When that cobalt arrives to the U.S.-based Tesla factory, working conditions may be better than those in Congo’s mines, but they’re far below the standards found in the rest of the auto industry.

Earlier this year, a report on the Tesla plant in Fremont, California, found a severely lacking safety record. And in 2015, it was shown that workers suffered double the incidents of severe injury than that of the industry average; for injuries in general, the rate was 31 percent higher.

And on top of those findings, Tesla employees are frequently overworked — undoubtedly a factor in the high injury rates — and poorly compensated.

According to an editorial penned by Tesla production worker Jose Moran, most employees under him are given “excessive mandatory overtime.” He also claims that the equipment is not well designed and prone to inflicting injury. Moran says most Tesla workers earn just $17 to $21 per hour, compared to the U.S. auto worker average of $25.38 per hour.

In a company-wide email, Musk roundly rejected both Moran’s claims and the reports on Tesla’s dismal safety record.

And for factory workers, the problems don’t end there. Tesla has been the target of three lawsuits that accuse the auto manufacturer of ignoring gross racism directed at its black workers.

The most recent lawsuit claims that both co-workers and supervisors frequently used the n-word when talking to black employees. The filer, Marcus Vaughn, says that not only were his complaints about the use of racial slurs ignored, but that he was also fired for “not having a positive attitude.” What’s unique about this suit, however, is that it’s the first to be a class action.

In an email responding to the first lawsuit, Musk told factory employees that “sometimes these things happen unintentionally” but that targets of racial slurs should be “thick-skinned.”

Even putting all of this aside, it should be little surprise that Musk –  a man who is currently worth $19.5 billion – does not truly have the planet and other people’s interests at heart.

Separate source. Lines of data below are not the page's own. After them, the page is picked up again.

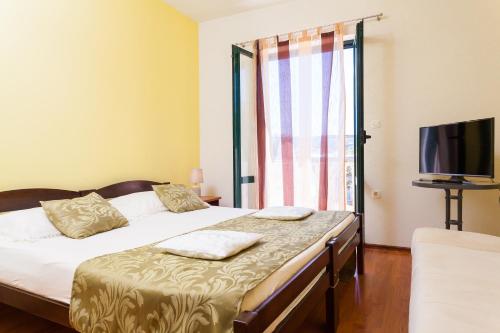 Postel nebo postele na pokoji v ubytování Apartments Marija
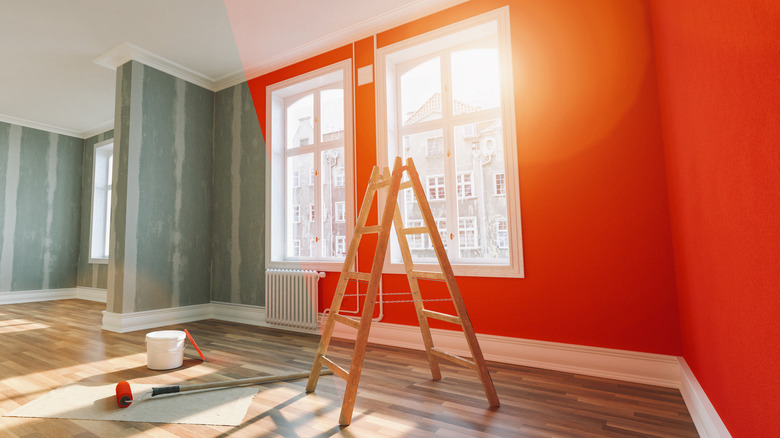 A drab room half painted orange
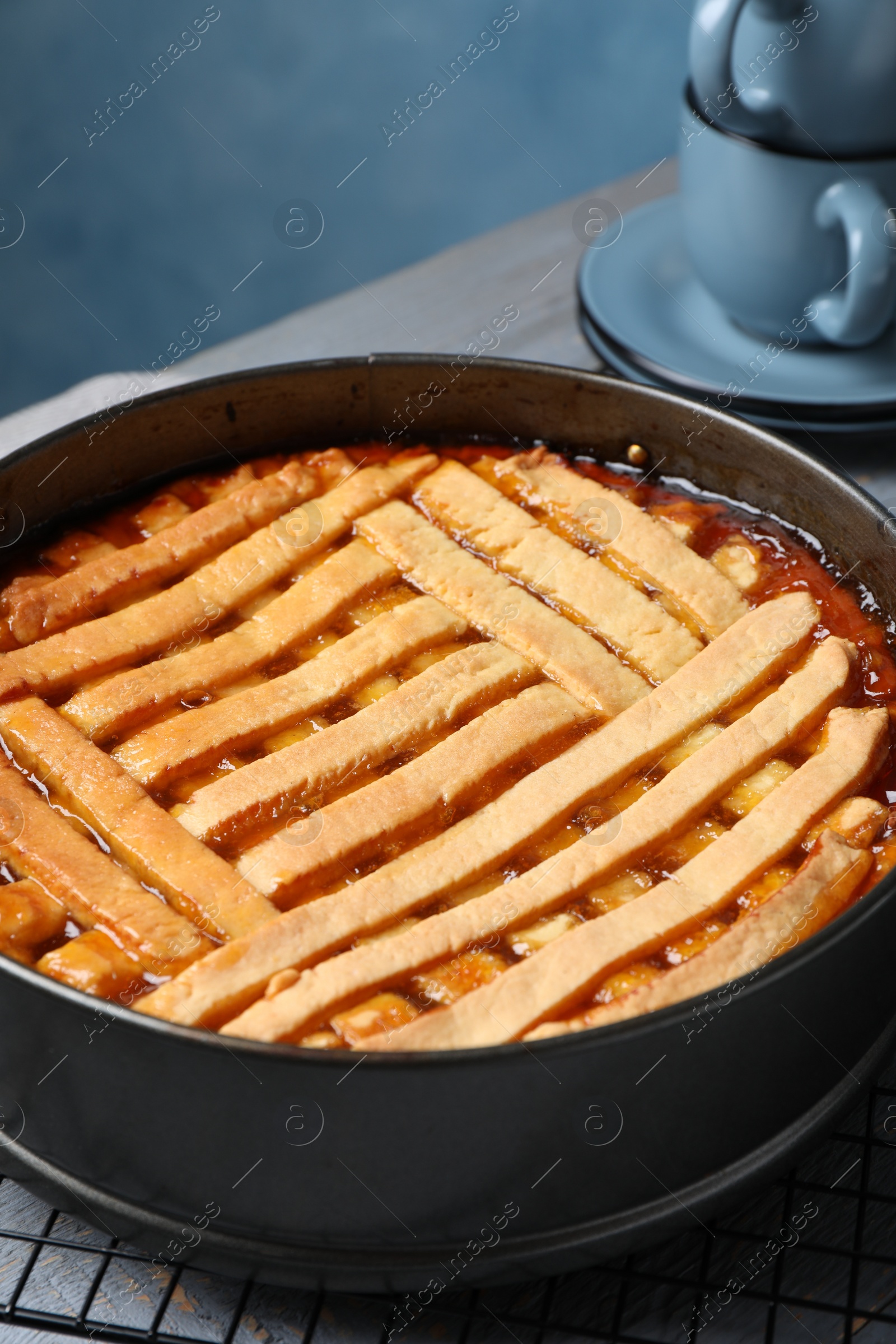 Photo of Delicious apricot pie in baking dish on table, closeup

After all, his Tesla automobiles, which are supposedly meant to usher in an era of “green” ground transportation, start at over $101,000 – a price point hardly within the reach of anyone outside of the luxury class.

It’s time that Americans realize multi-billionaires did not build their massive wealth through social and global awareness; these are merely people who have mastered the art of exploitation — and, in Musk’s case, the art of image creation as well.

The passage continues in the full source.